Below is a listing. Return the lines from the one that contains "Boly:Welch team member" to the one that contains "Samsung Toner Originale", both ends included, verbatim and with no pictures.
───── Data for analysis
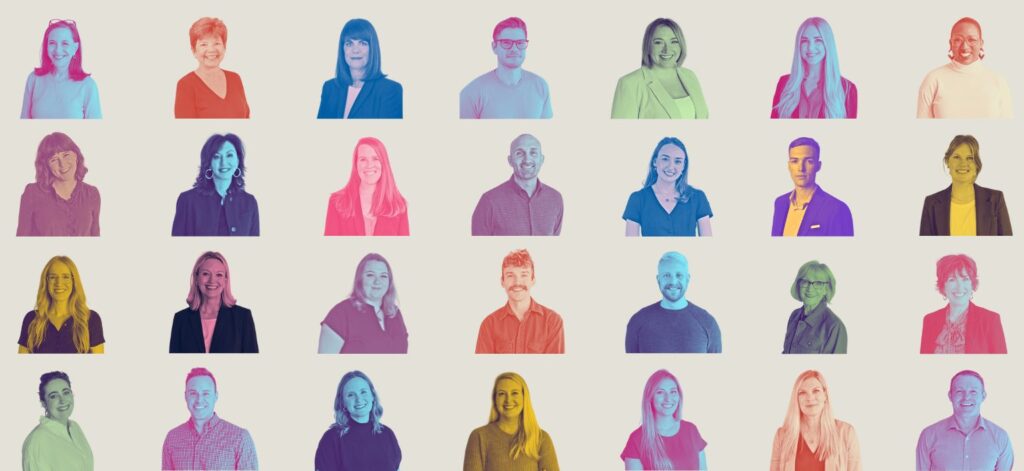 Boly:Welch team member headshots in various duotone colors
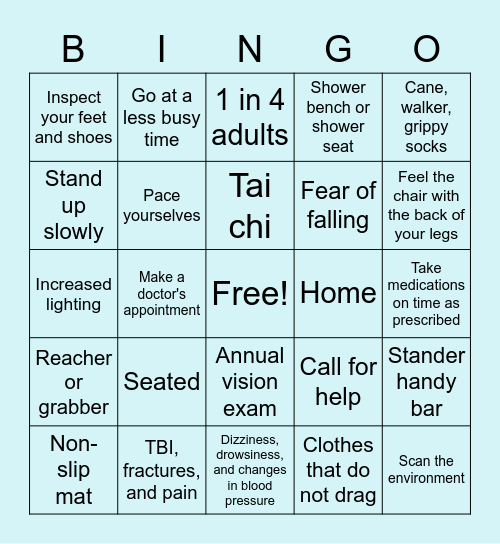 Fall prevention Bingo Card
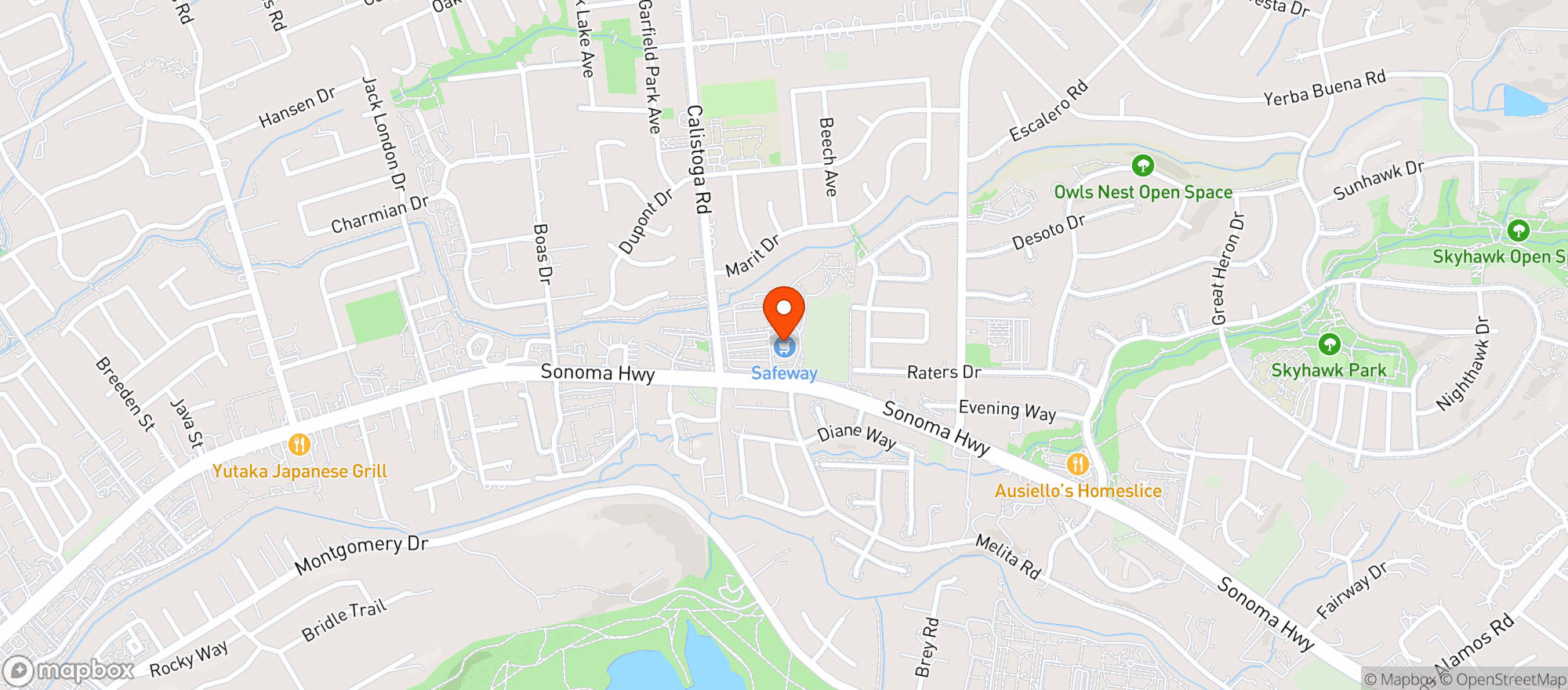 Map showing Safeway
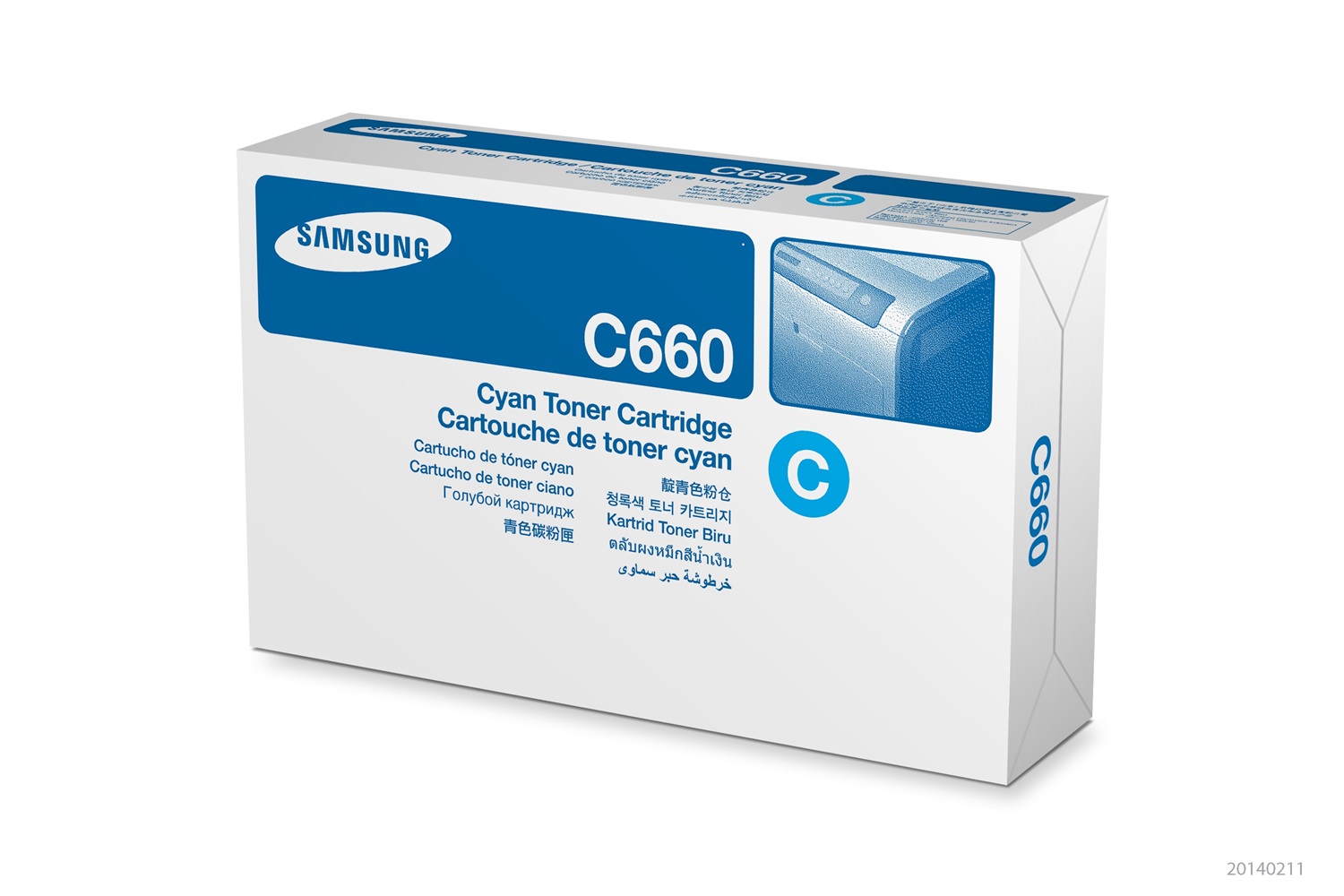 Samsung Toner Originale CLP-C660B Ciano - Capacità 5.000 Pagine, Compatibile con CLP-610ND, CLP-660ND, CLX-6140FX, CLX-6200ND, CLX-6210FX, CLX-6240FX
──────────
───── Data for analysis
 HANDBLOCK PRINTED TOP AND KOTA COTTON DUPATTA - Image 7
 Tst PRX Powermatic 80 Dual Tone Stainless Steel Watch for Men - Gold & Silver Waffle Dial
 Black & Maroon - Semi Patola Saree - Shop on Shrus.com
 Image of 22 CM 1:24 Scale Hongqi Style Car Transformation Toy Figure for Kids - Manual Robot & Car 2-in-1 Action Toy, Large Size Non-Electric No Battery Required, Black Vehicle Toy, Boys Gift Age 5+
──────────
Task solution:
 Boly:Welch team member headshots in various duotone colors
 Fall prevention Bingo Card
 Map showing Safeway
 Samsung Toner Originale CLP-C660B Ciano - Capacità 5.000 Pagine, Compatibile con CLP-610ND, CLP-660ND, CLX-6140FX, CLX-6200ND, CLX-6210FX, CLX-6240FX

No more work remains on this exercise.